Question about autograd and leaf tensors

I have always been confused about this behaviour

Let us say I am implementing an autoencoder. My source and target are going to be same, let us say I want to reconstruct some vector x.

So something like
z = Encoder(x)
y = Decoder(z)

  1. loss = LOSS(y, x)

  2. loss = LOSS(y, x.clone())

  3. loss = LOSS(y, x.clone().detach())

What is the difference in behavior in each of the cases, x is of course a leaf tensor, but I don’t understand the gradients aspect is it 1) going to form a cycle ?

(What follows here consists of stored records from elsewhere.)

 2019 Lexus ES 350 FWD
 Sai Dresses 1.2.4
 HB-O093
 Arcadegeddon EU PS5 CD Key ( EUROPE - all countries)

It shouldn’t be a problem, as usually x won’t require gradients in an autoencoder setup.
The first two approaches should yield the same result, while the last one should be different.
Here is a small dummy code:

x = torch.randn(1, requires_grad=True)
param = nn.Parameter(torch.randn(1))
output = x * param

# 1.
loss = F.mse_loss(output, x)
loss.backward()
print(param.grad)
print(x.grad)

x.grad.zero_()
param.grad.zero_()

# 2.
output = x * param
loss = F.mse_loss(output, x.clone())
loss.backward()
print(param.grad)
print(x.grad)

x.grad.zero_()
param.grad.zero_()

# 3.
output = x * param
loss = F.mse_loss(output, x.clone().detach())
loss.backward()
print(param.grad)
print(x.grad)

> tensor([-3.3104])
tensor([0.6608])

> tensor([-3.3104])
tensor([0.6608])

> tensor([-3.3104])
tensor([-0.9747])

Thanks this answers my question. But since x is a leaf variable, it’s grad value serves no purpose right?

Usually you don’t need gradients in your input tensor.
However there are some use cases, e.g. in adversarial training, where these gradients can be used for small perturbation of the input.